Current status of clinical indications for hematopoietic growth factors after chemo-/radiotherapy in gynecology
Karthaus, M.; Ganser, A.
Zentralblatt für Gynakologie 119(12): 585-596
1997
ISSN/ISBN: 0044-4197 PMID: 9483809 Document Number: 474177
With the identification and recombinant production of the hematopoietic growth factors, these cytokines have been evaluated in the treatment of primary bone marrow failure states and following myelosuppressive chemotherapy or radiotherapy. An increasing number of clinical trials with hematopoietic factors have been performed in patients with haematological and oncological diseases.
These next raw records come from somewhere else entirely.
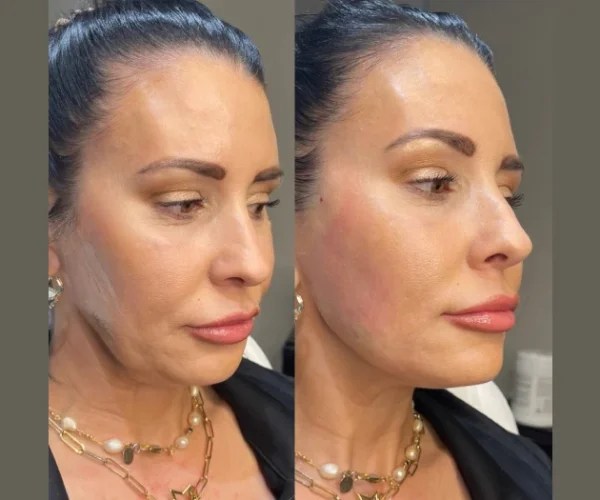 Thermage Facelift Before After at Perfect Drs
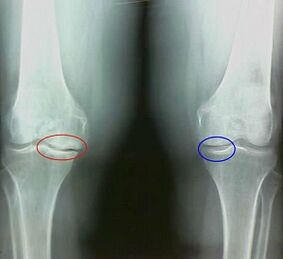 Results of folk therapies for treating arthritis and arthritis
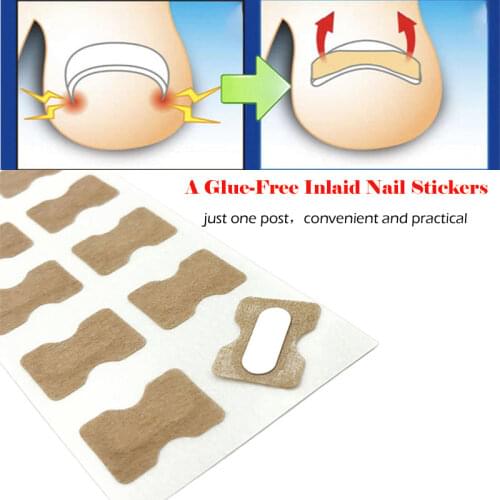 50PCS Pedicure Ingrown Nail Tools Toenail Stickers Nails Corrector Paronychia Treatment Fixer Recover Bunion Pedicura Feet Care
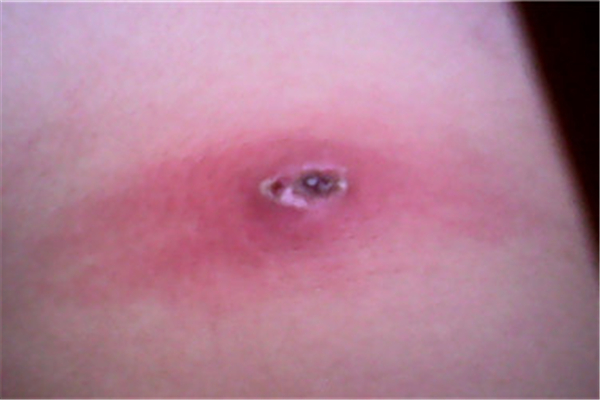 火癤子會(huì)自愈嗎 火癤子長(zhǎng)什么樣 火癤子會(huì)自愈嗎 火癤子長(zhǎng)什么樣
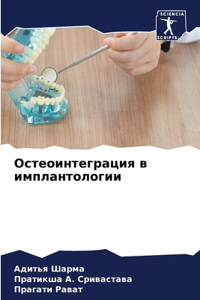 Остеоинтеграция в имплантологии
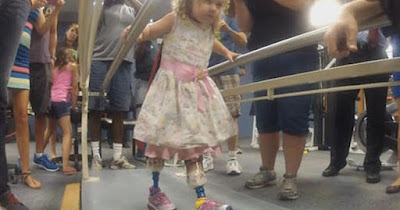 Ireland Nugent walks on her new prosthetic legs on June 17, 2013. WTSP.COM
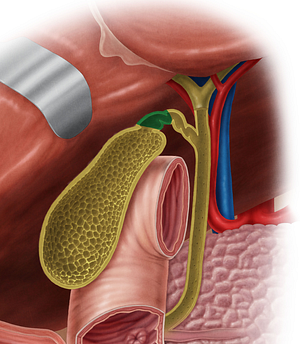 Neck of gallbladder (#2698)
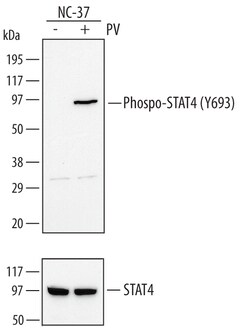 Human Phospho-STAT4 (Y693) Antibody, R D Systems 100&mu;g; Unlabeled:Antibodies,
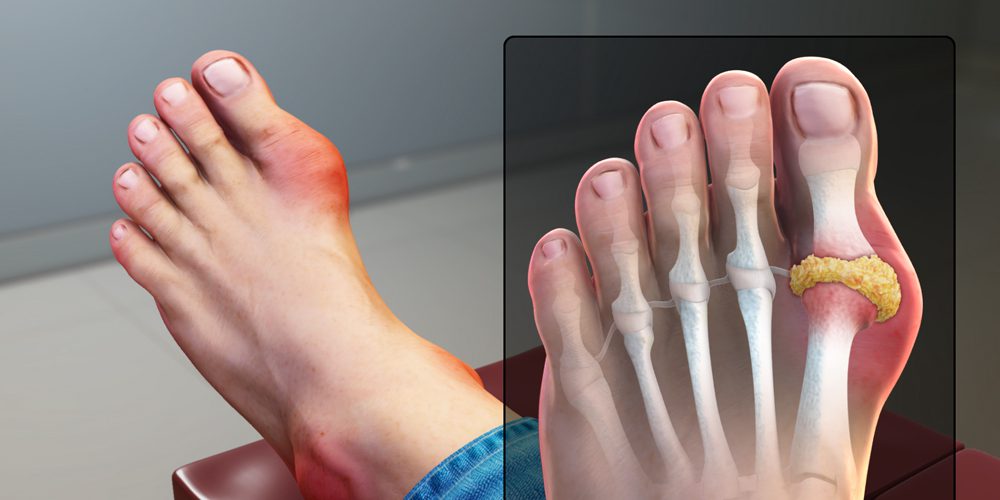 what is gout symptoms causes treatment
Granulocyte colony-stimulating factor (G-CSF), granulocyte-macrophage colony-stimulating factor (GM-CSF), erythropoietin and, in phase I/II trials, thrombopoietin (TPO) are available for the clinical use. Most studies have been performed with G-CSF and GM-CSF, their beneficial effects are proven regarding acceleration of hematopoietic recovery following chemotherapy. This results in a marked reduction of infectious risks and a shortening of drug- and radiation-induced myelosuppression. CSFs are most important in mobilizing peripheral blood progenitor cells (PBPC) and have allowed high-dose therapy combined with stem cell support in gynecological malignancies, e.g. ovarian carcinoma and breast cancer. However, evidence based, clinical practical guidelines for the use of hematopoietic growth factors in gynecological malignancies are not for all circumstances available.